Pass-through pricing: A response to pure inflation
Dynamic pricing levers are an alternative to cost reduction levers. Companies can respond to increases in input costs and price volatility by adopting a dynamic pricing strategy. They can often derive more value from pricing by setting the right price, optimizing discounts and rebates, and managing margin leakage. This option requires strong analytical capabilities, including sophisticated market segmentation and assessment of pricing impact.
The dynamic pricing response to input cost increases and volatility is a strategy that is relevant for pure inflation. However, a partial price pass-through may be a component of an optimal response to all types of inflation. A manufacturing company, for example, managed granular price increases across thousands of products through customer pattern analysis and ended up with hardly a complaint; by contrast, a packaging company that had not prepared its sales force for price changes experienced double-digit market share losses.
Analytics, implementation, and continuous testing: An example sequence
The implementation of strategies to improve a company’s posture can follow an analytics-based sequence of steps. Here is an example sequence:
- Analytically or qualitatively decompose inflation and evaluate the composition and extent of the company’s exposure—its inflation fingerprint—according to the relevant inflation factors.

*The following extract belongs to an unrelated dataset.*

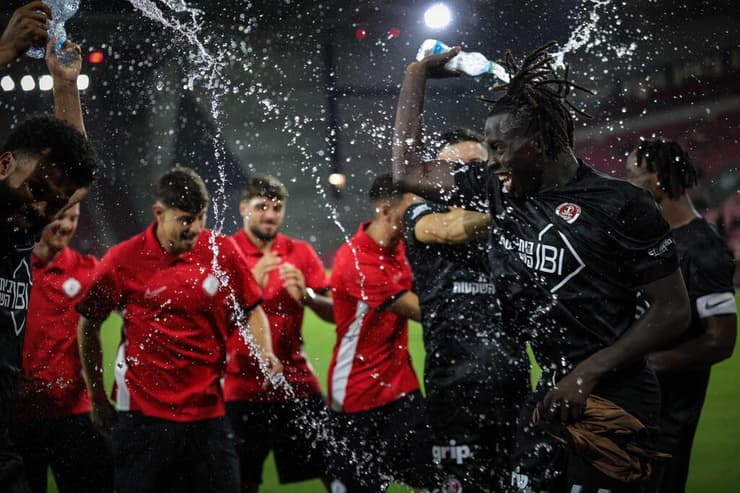 העלייה לגמר תכניס לקופות המועדון 650 אלף שקל. שחקני הפועל ת"א חוגגים (צילום: עוז מועלם) דאפאה חוגג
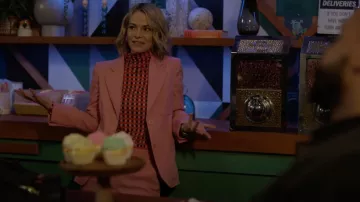 Stella McCartney single-breasted patch pocket blazer worn by Alice Pieszecki (Leisha Hailey) as seen in The L Word: Generation Q (S02E03)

- Compose the inflation mitigation strategy: using a cross-functional approach, select the levers to be applied according to the company’s position.

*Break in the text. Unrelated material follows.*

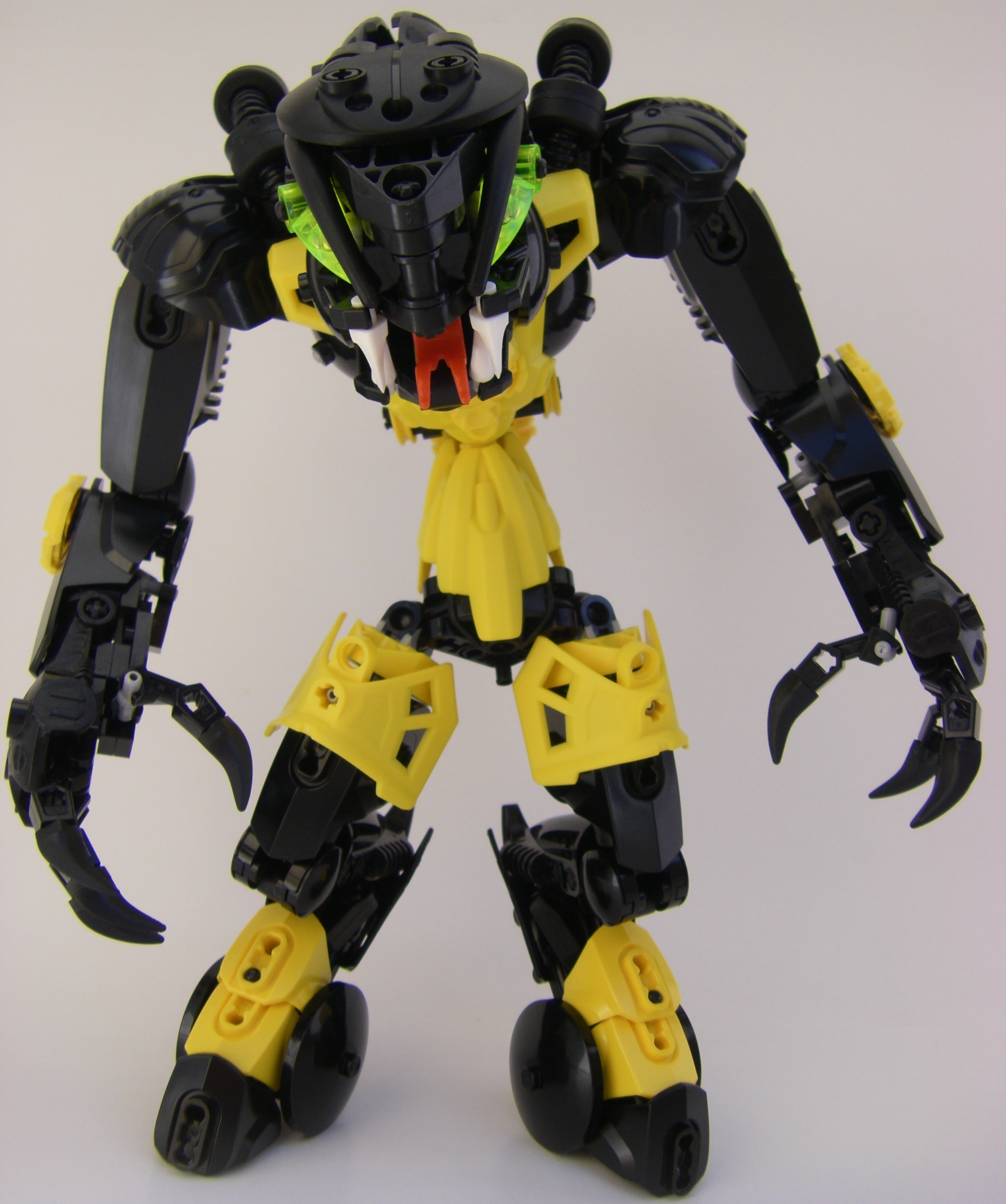 gilamonstrosity_004.jpg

- Test potential levers analytically against scenarios, incorporating variable demand, labor costs, commodity prices, energy prices, interest rates, and supply delays. For a risk–reward analysis, evaluate levers with financial and nonfinancial metrics (such as EBITDA and volatility fluctuations, respectively); then prioritize strategies and optimize decision making under uncertainty.

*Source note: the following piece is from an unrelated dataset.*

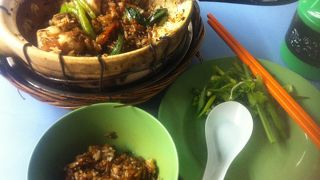 ローカル感たっぷりのフードコート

- When testing strategies against critical scenarios (such as supply chain concentrations or exposure to a foreign-exchange pair), connect actions to early-warning signals (such as a threshold for price increases).
- Estimate the benefits and costs of actions under different scenarios. (Some steps will not be effective in reality—a contract change will not alter the effects of a country-wide ban on exports of an affected product, for example).
Accelerating your company’s analytics journey
Companies will begin with different levels of analytics sophistication. Some have had experience in implementing analytics solutions while others have not (see sidebar, “Analytics, implementation, and continuous testing: An example sequence”). For the application of inflation analytics, a few guideposts will help companies get up to speed:
- Start small. Start with a single product, business unit, or geography. Most of these analyses are accretive and need not be completed together.
- Start simple. Break down the income statement to drivers of margin. “Stress” these drivers with your view of inflation impact. Not all drivers will be affected by inflation, so they will not need complex analytics solutions.
- Start now. Experience shows that capabilities, data, and know-how are always works in progress. The benefits of starting now always outweigh impact with better resources.